— Идьёт! Какой идьёт!

Я смутился.

— Это я себя называю идьётом. Ведь вот что нужно издавать в нашей «Радуге»! Дайте-ка мне ваши рукописи!

И он стал читать их, захлебываясь и перевирая слова. На следующий день он знал их наизусть и декламировал каждому, кто приходил к нему, «Ехали медведи на велосипеде».

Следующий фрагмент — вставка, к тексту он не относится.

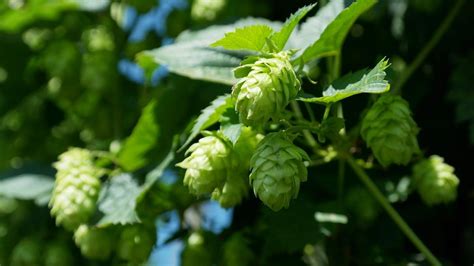 Growing Hops In Containers, Pots For Beginners | Gardening Tips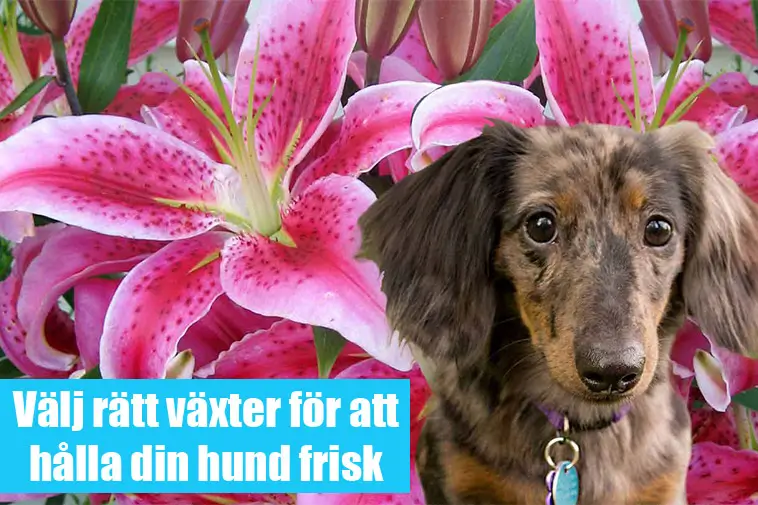 Vanliga krukväxter kan vara farliga för hundar – experter varnar under vintern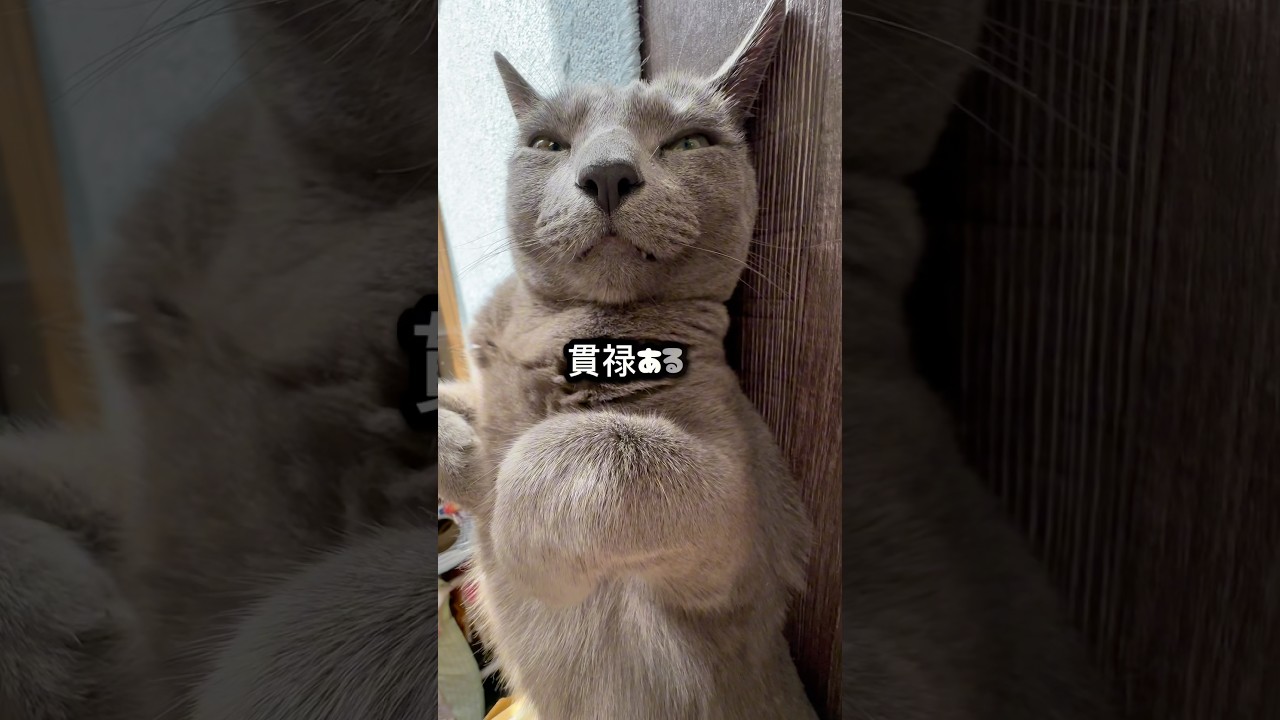 【ロシアンブルー】めろん〜堂々たるへそ天🤭【猫】#shorts
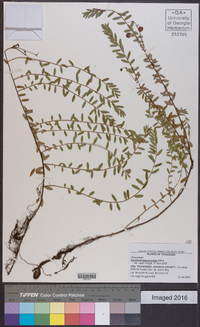 Vaccinium macrocarpon image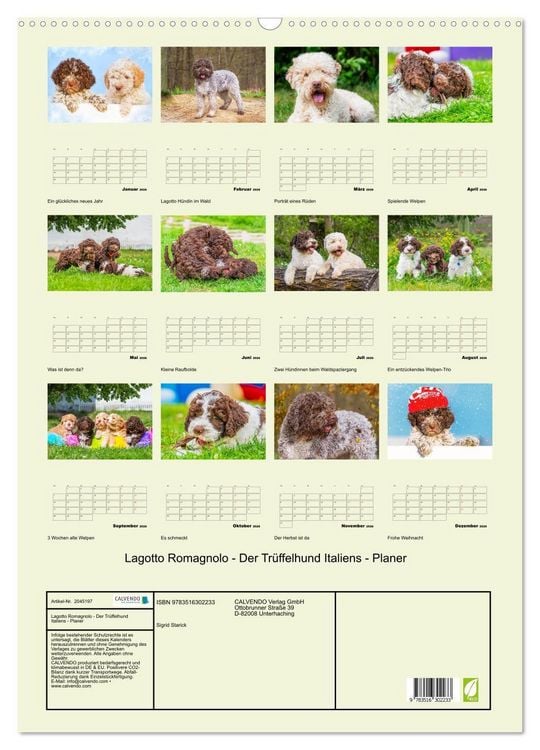 Produktbild: Lagotto Romagnolo - Der Tr&uuml;ffelhund Italiens - Planer (Wandkalender 2026 DIN A2 hoch), CALVENDO Monatskalender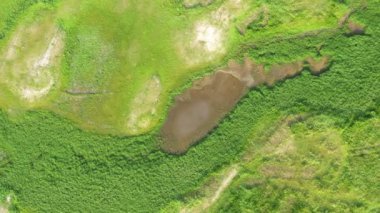 İklim değişikliği konseptinin hava görüntüsü B rulosu. Kuru göl ve iklim değişikliği üzerinde uçan sinek dronu. Nehrin kuraklığına küresel ısınma neden oldu. Kamera B, 4k sahnesi..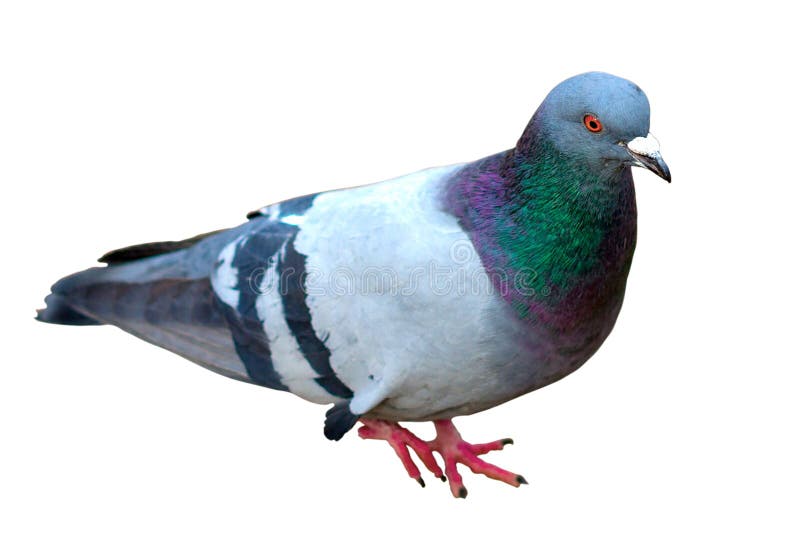 Grey city pigeon. Isolated on white background. Close up Grey doGrey city pigeon. Isolated on white background. Close up Grey dove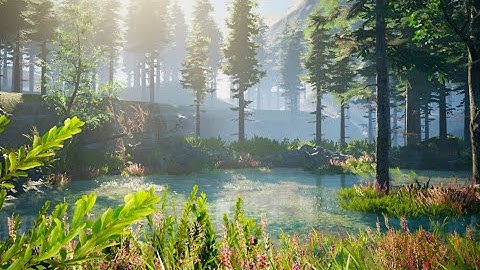 Unreal engine 4 Foggy Forest..
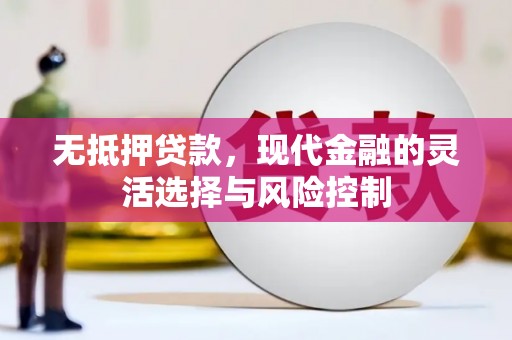 武鸣无抵押贷款，现代金融的灵活选择与风险控制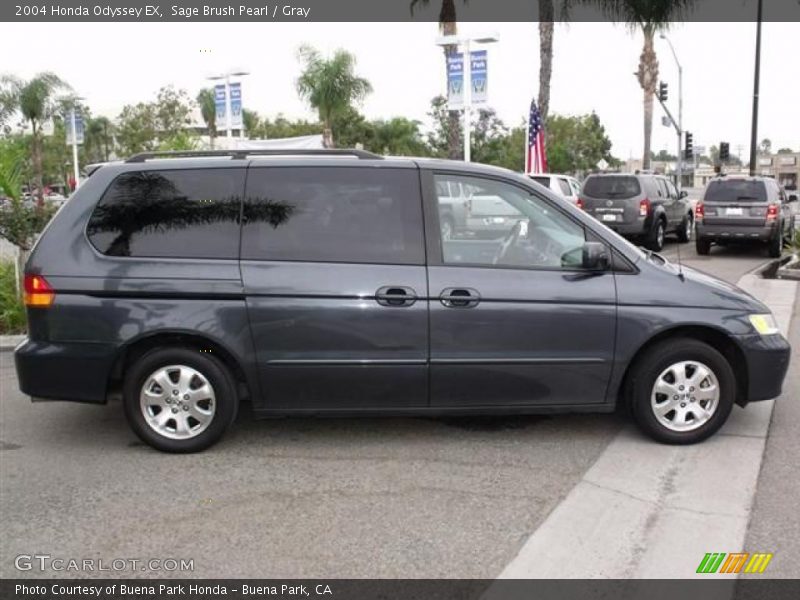Sage Brush Pearl / Gray 2004 Honda Odyssey EX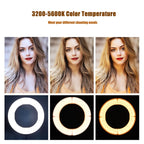 MANTOO RL-12 II 100-240V 28W 12 inch Two-color Dimmable Ring Fill Light with Tripod, 12 inch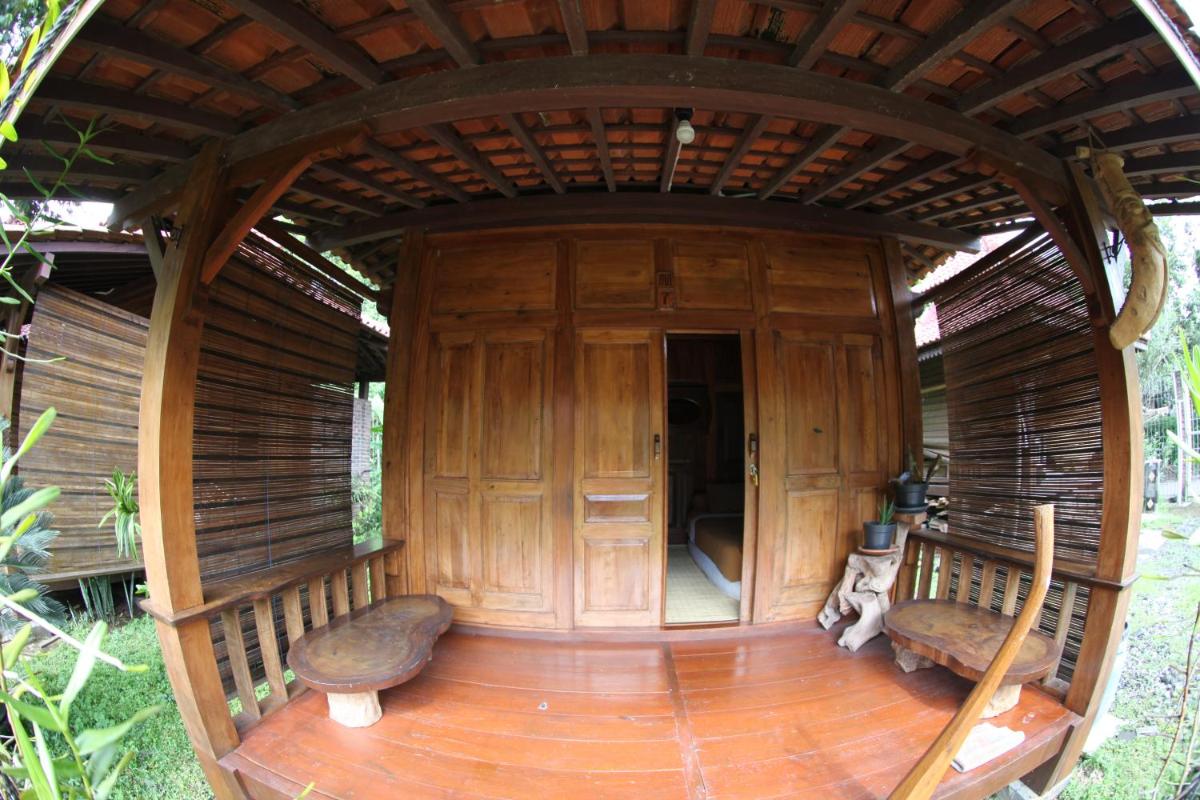 Photo 11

В тот же день побежал к моему приятелю Ю.Анненкову (тот жил рядом со мною на Кирочной), съездил в литографию, снова посетил Чехонина, и каша заварилась. — Его энтузиазм был (нужно сказать) одиноким. Те, кому он читал мои сказки и кому, по его настоятельному желанию, читал я, только пожимали плечами и громко высказывали, что Клячко свихнулся. Он и вправду казался одержимым: назначил обеим моим книжкам «огромный» по тому времени тираж: 7 000 экз. — и выпустил их к Рождеству 1921 года (или чуточку позже). Когда я привел к нему Маршака, тогда же, в самом начале 1922 г., он встретил его с восторгом, как долгожданного друга, издал томик его пьес и был очарован его даровитостью. Помню, как он декламирует:

На площади базарной,
На каланче пожарной —

упиваясь рифмами, ритмом, закрывая глаза от удовольствия. В качестве газетного репортера он никогда не читал никаких стихов. Первое знакомство с поэзией вообще у него состоялось тогда, когда он стал издателем детских стихов — до той поры он никаких стихотворений не знал. Весь 1922 и 1923 год мы работали у него с Маршаком необыкновенно дружественно, влияя друг на друга, — потом эта дружба замутилась из-за всяких злобных наговоров Бианки и отчасти Житкова, которые по непонятной причине невзлюбили С.Я., и — я не то чтобы поддался их нашептываниям, но отошел от детской литературы и от всего, чем жил тогда Маршак.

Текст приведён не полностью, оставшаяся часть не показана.